Utility of approach presented in this manuscript is demonstrated using several public-health problems including Ebola, Visceral Leishmaniasis, US college alcohol drinking and obesity outbreak in the US. In particular, we estimated the temporal estimates of transmission rate for Ebola during 2014–2016 outbreak in West Africa (aggregated) as well as for individual countries of Liberia, Guinea and Sierra Leone. Our results though limited by the accuracy of data, demonstrated the wide-variability in transmission risks across the three countries. Moreover, we found that our temporal estimates of transmission risk followed the pattern of incidence closely, but slightly delayed, reflecting the substantial contribution of transmission risk towards the nature of disease progression. During the times of public-health emergencies due to an infectious disease outbreaks such as Ebola outbreak in West Africa or ongoing COVID-19 pandemic, effective reproductive numbers are often estimated using incidence data to understand the progression of disease and inform strategies to curb the transmission. Although estimates of effective reproductive numbers are useful, combining it with estimation of time-varying transmission risk through our approach can be more informative to inform public-health decision-making. Transmission risk at a particular time is a product of contacts and probability of transmission. Thus, it can be used to make short term predictions about new infections as well as it can inform how much reduction in contact patterns or risk of transmission (through mask/vaccination/hygiene) can reduce the transmission parameter sufficiently to reverse the trend of an epidemic.

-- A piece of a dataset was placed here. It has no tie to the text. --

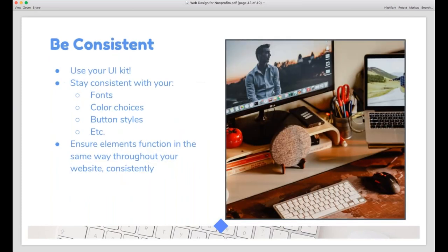As we discussed, it's important to be consistent. When you create your UI kit, actually use it and stick to it — be disciplined. If something doesn't follow the standards you set in your UI kit, change it. Stay consistent with fonts, color choices, and button styles. Make sure that the elements of your site function consistently so you don't provide a frustrating, jarring experience for the user where they can't predict how certain elements are going to behave.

In the current study, we used simple deterministic model along with simple integration numerical techniques to show how commonly reported data (incidence and prevalence) can be used in informing temporal transmission risk, and thus manage public-health challenges more effectively. Practical application of our approach would improve with use of more complex models (appropriate) as well more sophisticated integration techniques. Moreover, analytical derivation can be used to understand the impact of changes in any other input parameter (such as smaller/longer quarantine periods) on transmission risk in a straight-forward way. Similarly, an area of future research can expand presented framework to understand how incomplete data may alter the quality of parameter estimation. Therefore, value of analysis reported here is as a beginning point for future research that will build on current approach to develop computational models that can inform policies in swift manner during public-health emergencies. We believe using our methods can provide good approximation of time-dependent transmission coefficients and goodness of approximation should increase with use of more sophisticated modeling techniques.